“We are commanded to study His Torah! We are commanded to sit in the light of the Presence! It is for this that we were created! . . . Not the world, but the people of Israel!”

In this passage, taken from Reb Saunders’s inflammatory speech in Chapter 7, Reb Saunders expresses his feelings about what it means for Jews to be the “Chosen People” by comparing their duties to those of non-Jews. To be a Jew, he argues, is to accept a destiny and a set of responsibilities that Jews receive by virtue of their birth. By dismissing the non-Jewish world around him, Reb Saunders implies that a truly faithful Jew should retreat to an exclusively Jewish community, immerse himself in Jewish study, and pay little attention to anything in the outside world.

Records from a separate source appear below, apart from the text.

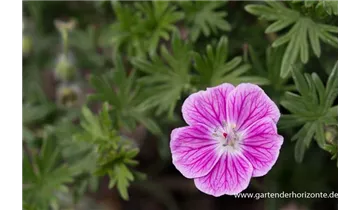 Gartenbaumschule Becker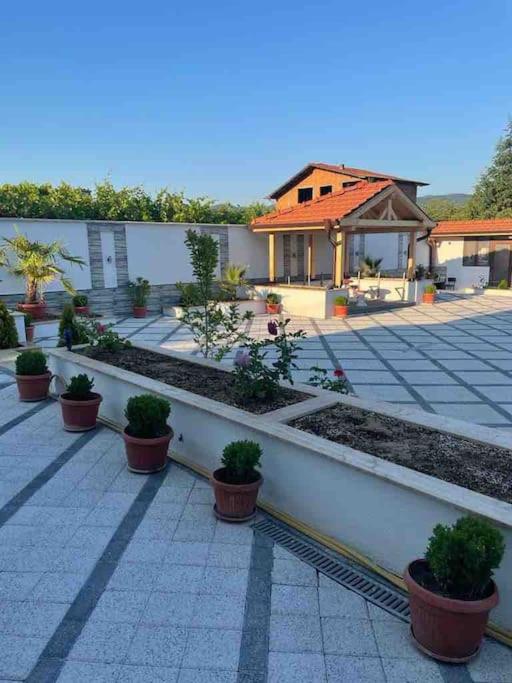 Boris House 5 bed Villa & Private Pool
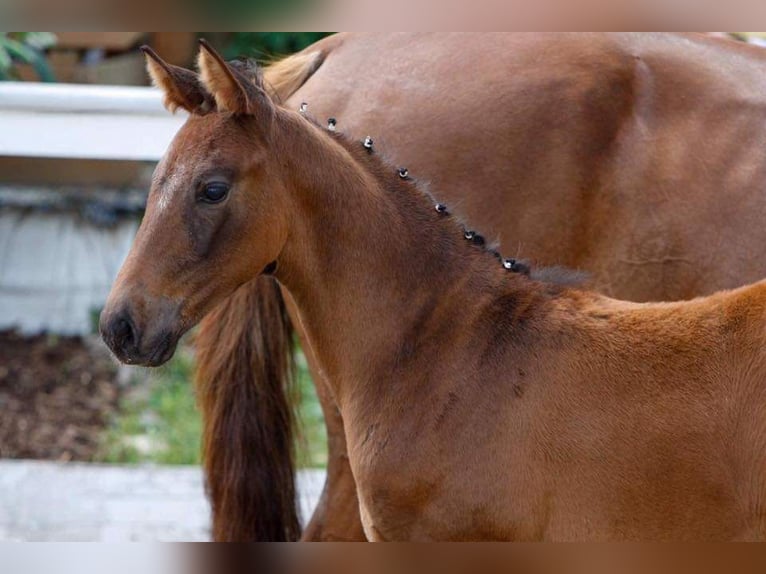 Cheval de sport allemand Jument 7 Ans 170 cm Bai in Tübingen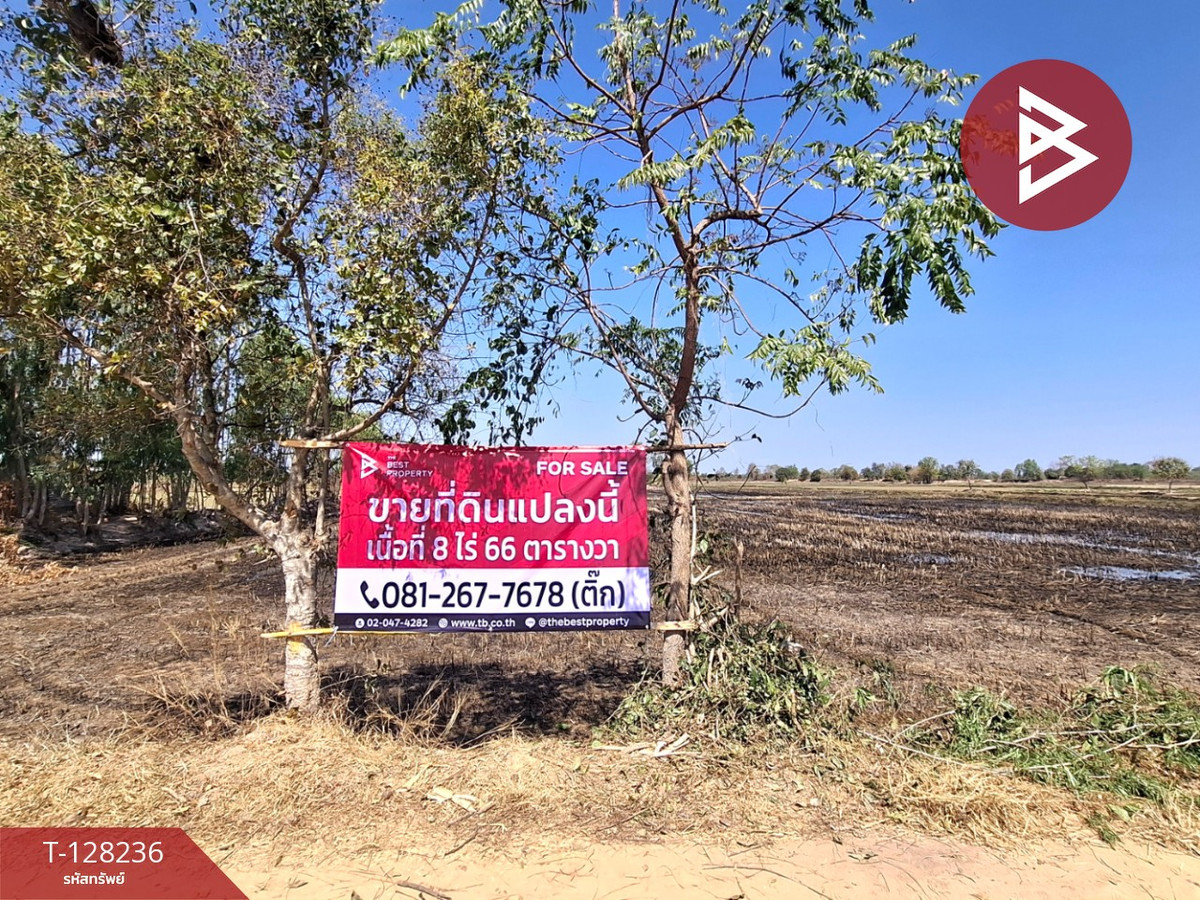 ขายที่ดินร้อยเอ็ด : ขายที่ดิน เนื้อที่ 8 ไร่ 66 ตร.วา จังหาร ร้อยเอ็ด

For Reb Saunders, “the world”—anything beyond the boundaries of his community, any literature beyond the boundaries of conservative Jewish tradition—is base. Even when world events overlap with Jewish concerns—such as the horrible discovery of the slaughter of European Jews in the Holocaust—Reb Saunders chooses to focus inward, on his own community, and on his own sense of suffering.

However, Reb Saunders’s definition of the obligations of Jews seems to shift by the end of the novel. His acceptance of Danny’s decision to become a professional psychologist suggests that he recognizes one can maintain ties with the outside world and be observant of one’s faith.